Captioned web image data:
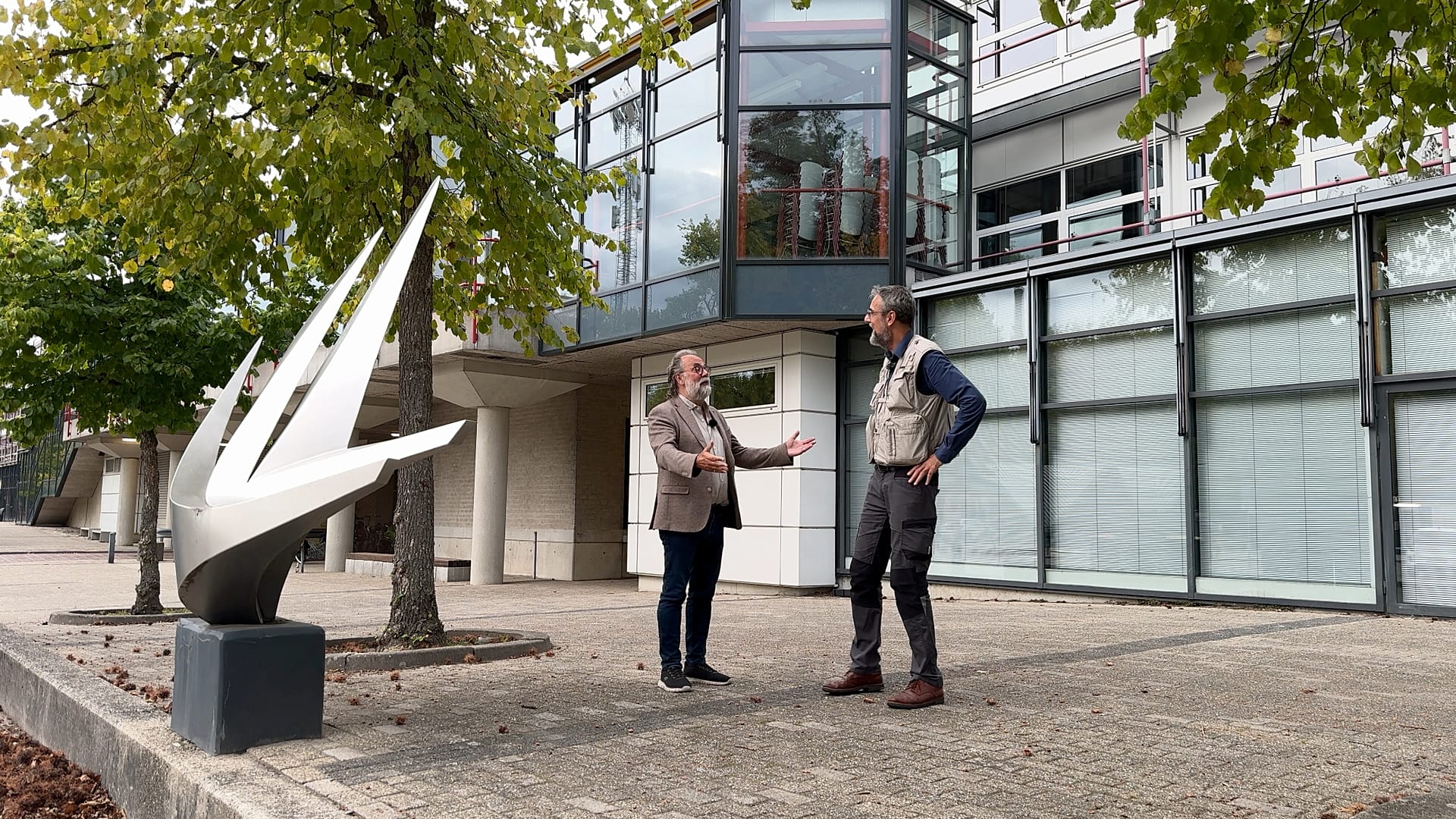 Euronews Earth met with Maarten Steinbuch (at the left), a renowned Professor of Mechanical Engineering at Eindhoven University of Technology.
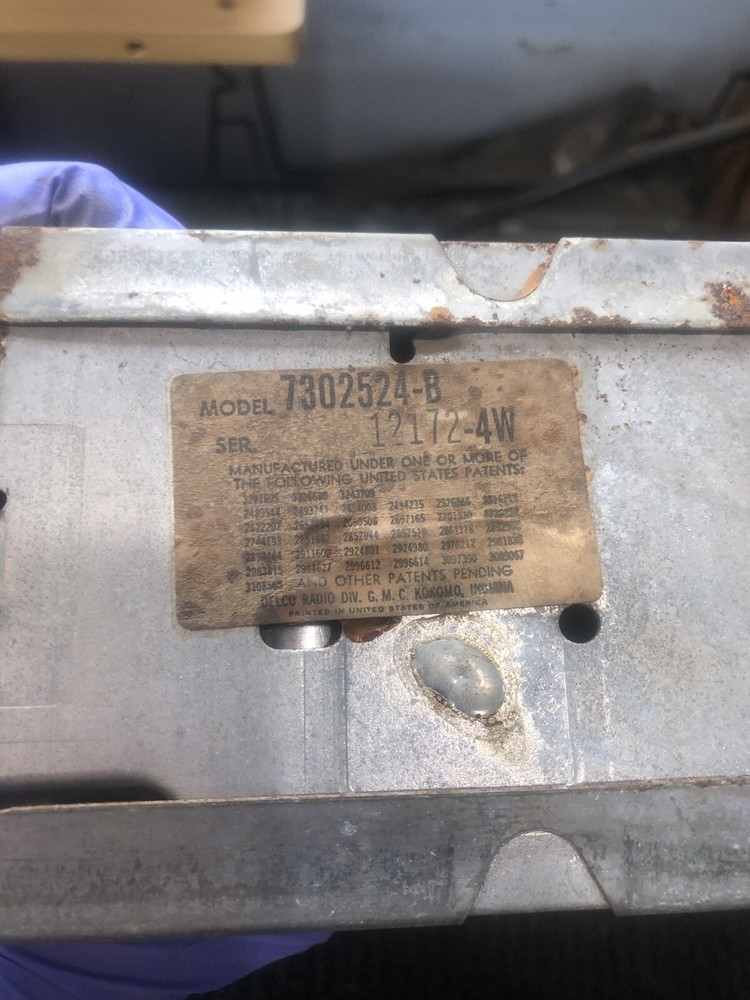 1968 BUICK AM PUSHBUTYON RADIO WITH KNOBS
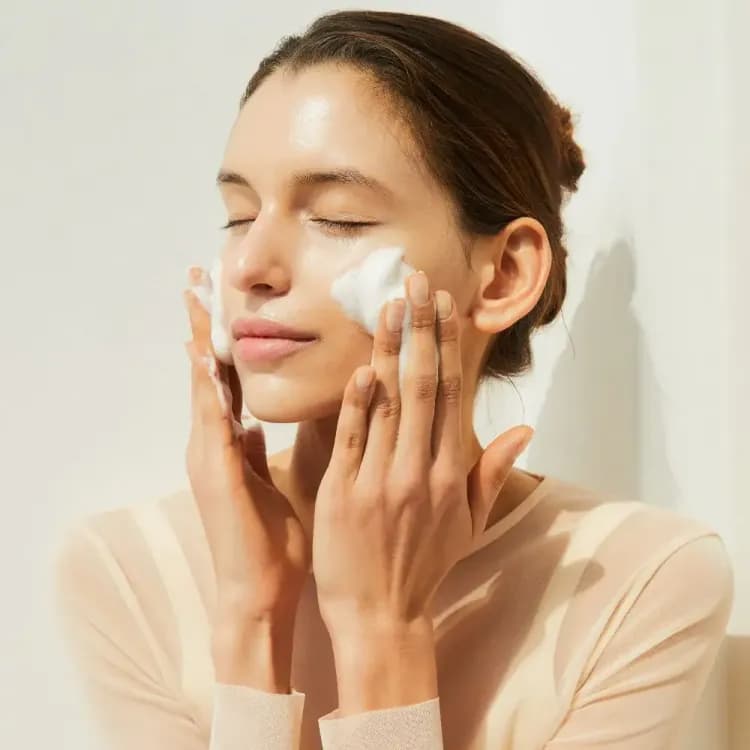 Skin1004 Madagascar Centella Ampoule Foam 125ml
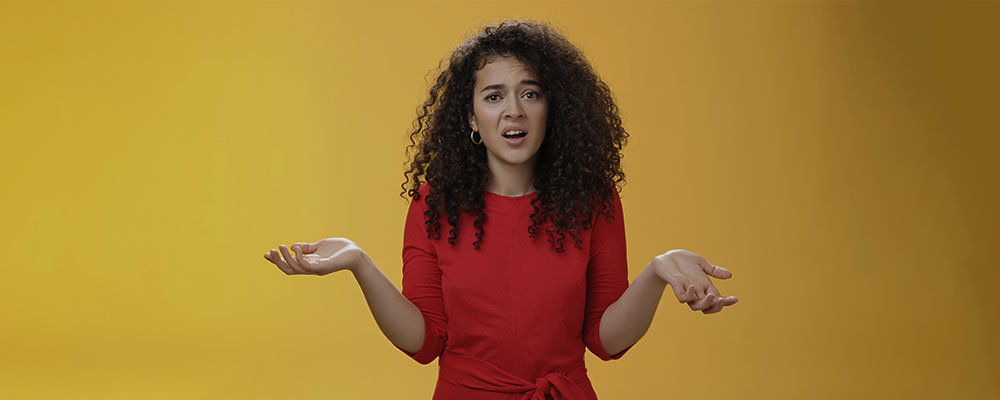 mulher com os braços abertos e uma expressão que indica dúvidas sobre como recuperar dados de um celular que teve a tela quebrada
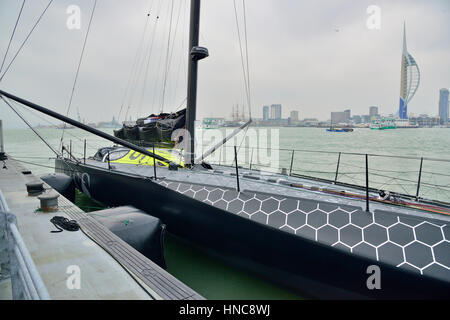 Gosport, Hampshire, Regno Unito. Xi Febbraio 2017. Alex Thomson imbarcazione attraccata a Gosport dopo arrivano torna nella sua città natale di Gosport a bordo di Hugo Boss dopo la finitura secondo in Vendee Globe in tutto il mondo da solo e non-stop, gara di 74 giorni.Durante la gara ha rotto il mondo 24 ore di distanza record 536a vela miglia nautiche in 24 ore e battere il proprio British 80 giorno tobecome record il più veloce Briton a vela in tutto il mondo solo, non-stop in amonohull.Una sfilata di vela è stato tenuto in suo onore insieme con un ricevimento civico. Credito: Wendy Johnson/Alamy Live News Foto Stock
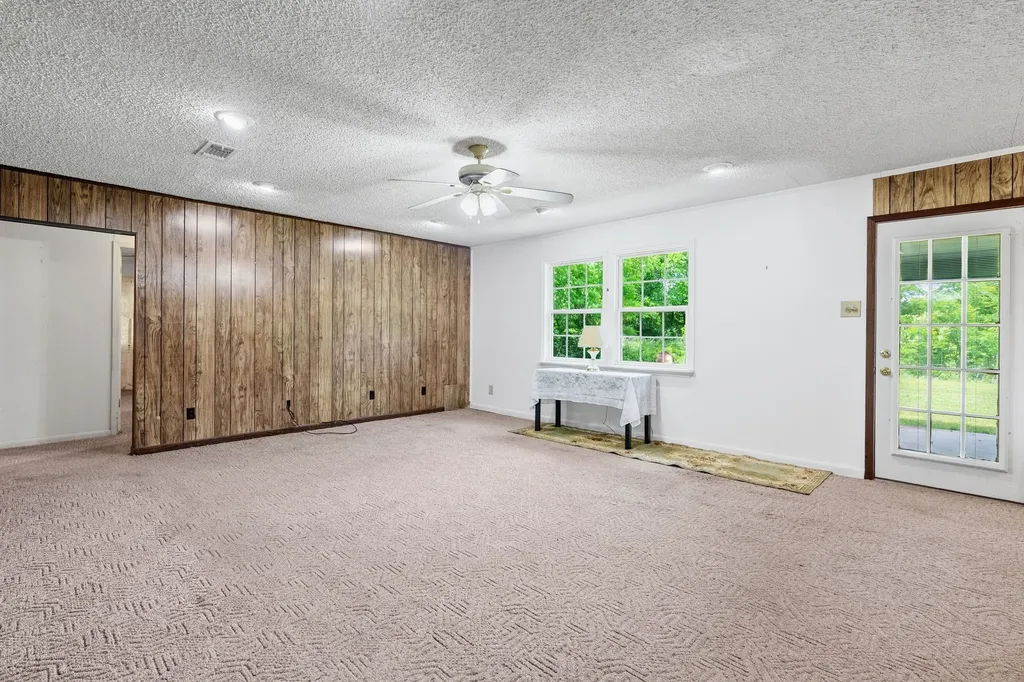 450 Rs County Road 4480 Point TX 75472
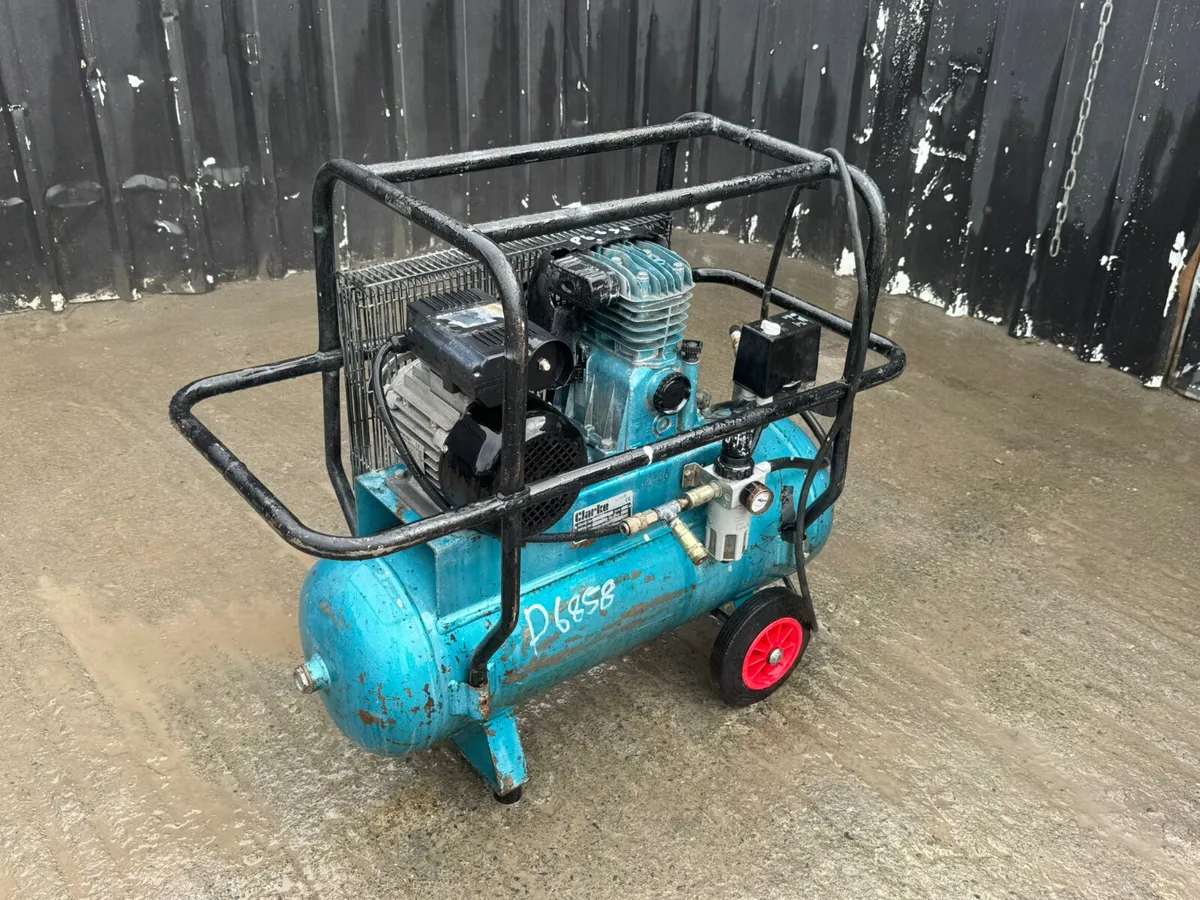 Clarke 110V Site Air Compressor - Image 1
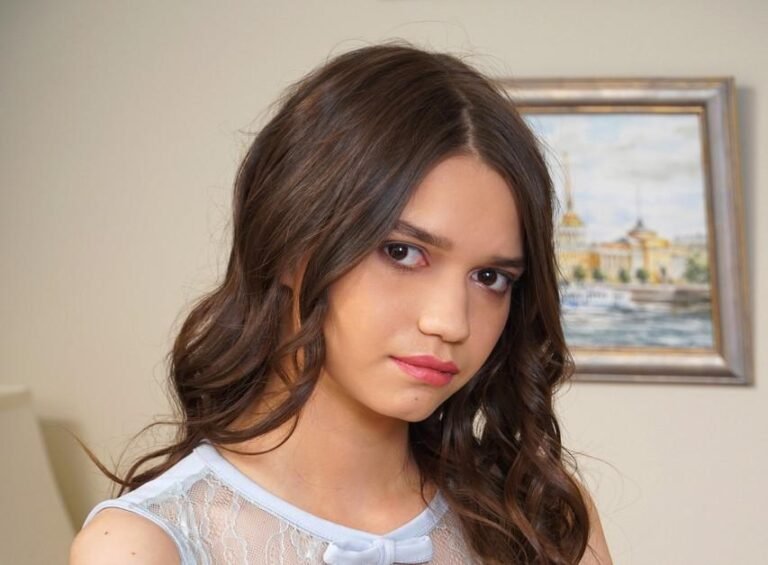 Pinky Breeze Wiki, Bio, Net Worth, Age, Height & Career Facts - Knownalytics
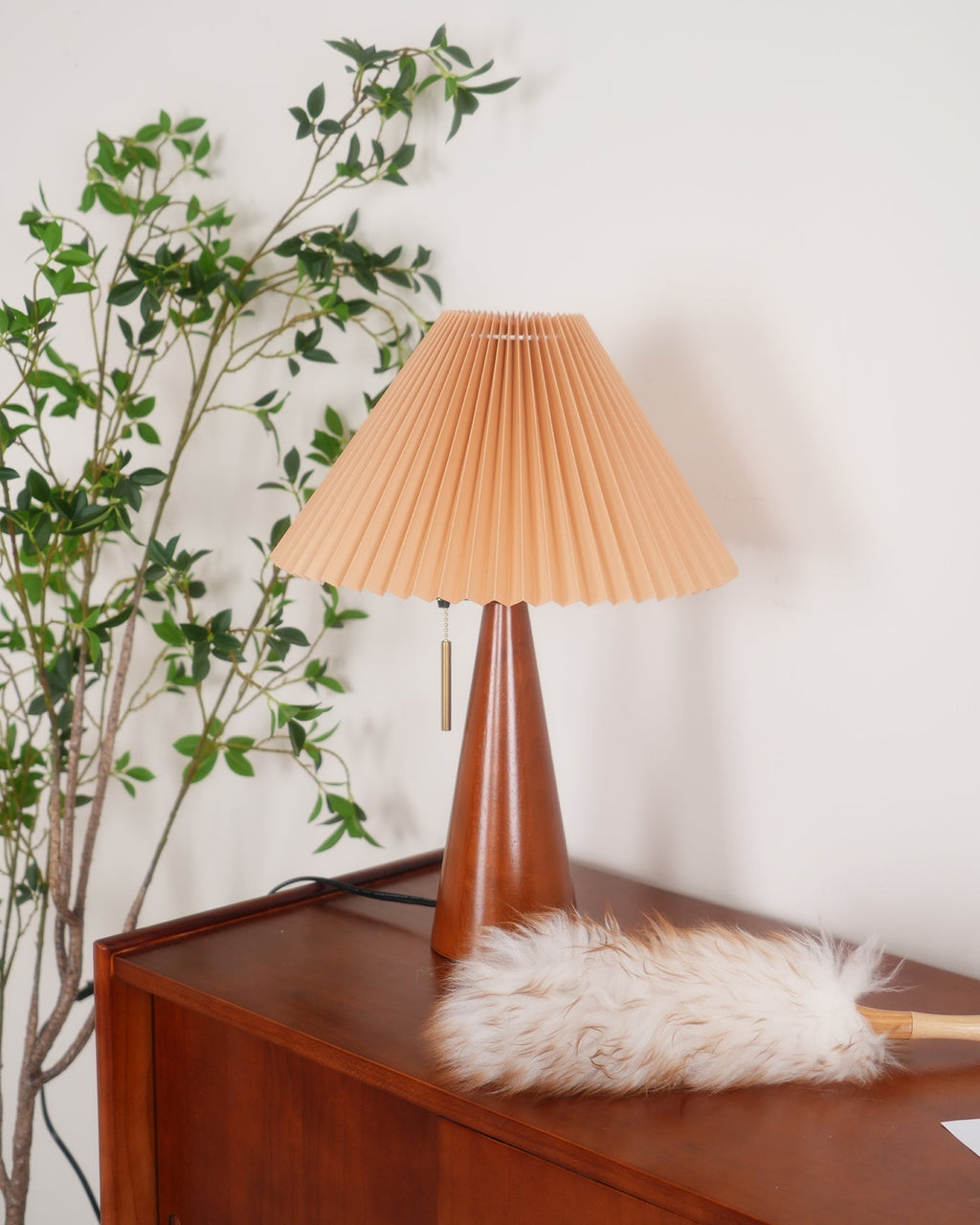 Aurelia Beige Træ- og Metallampe med Linned Plisseret Skærm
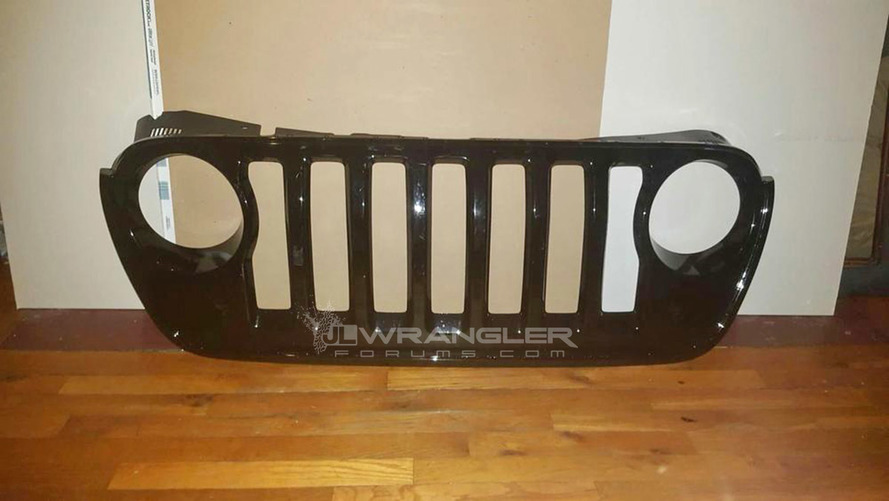 2018 Jeep Wrangler front grille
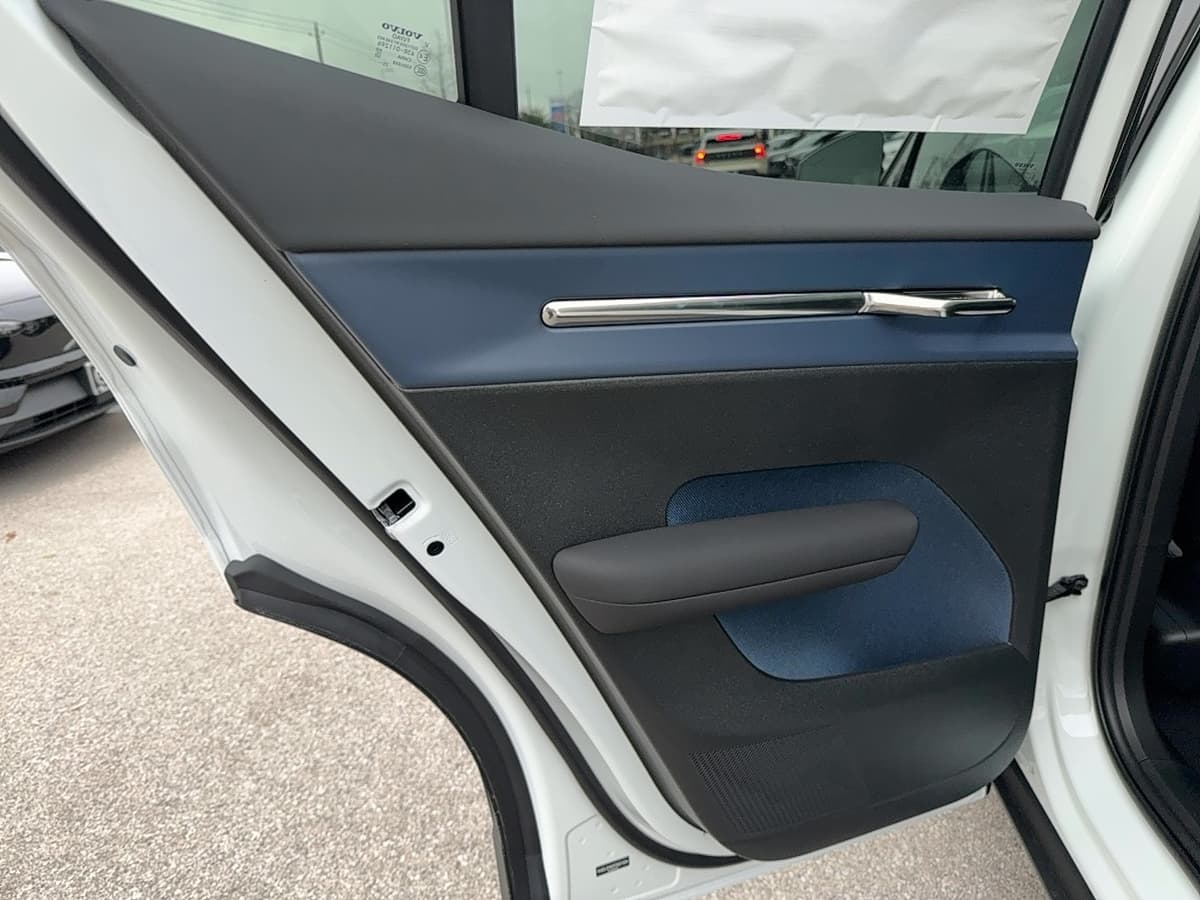 2026 Volvo EX30 - Image 13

• **Task details**: From the first line of the records through the line containing "Skin1004 Madagascar Centella", please output exactly those lines and nothing more, leaving out the pictures.

• **Result of the exercise**:
 Euronews Earth met with Maarten Steinbuch (at the left), a renowned Professor of Mechanical Engineering at Eindhoven University of Technology.
 1968 BUICK AM PUSHBUTYON RADIO WITH KNOBS
 Skin1004 Madagascar Centella Ampoule Foam 125ml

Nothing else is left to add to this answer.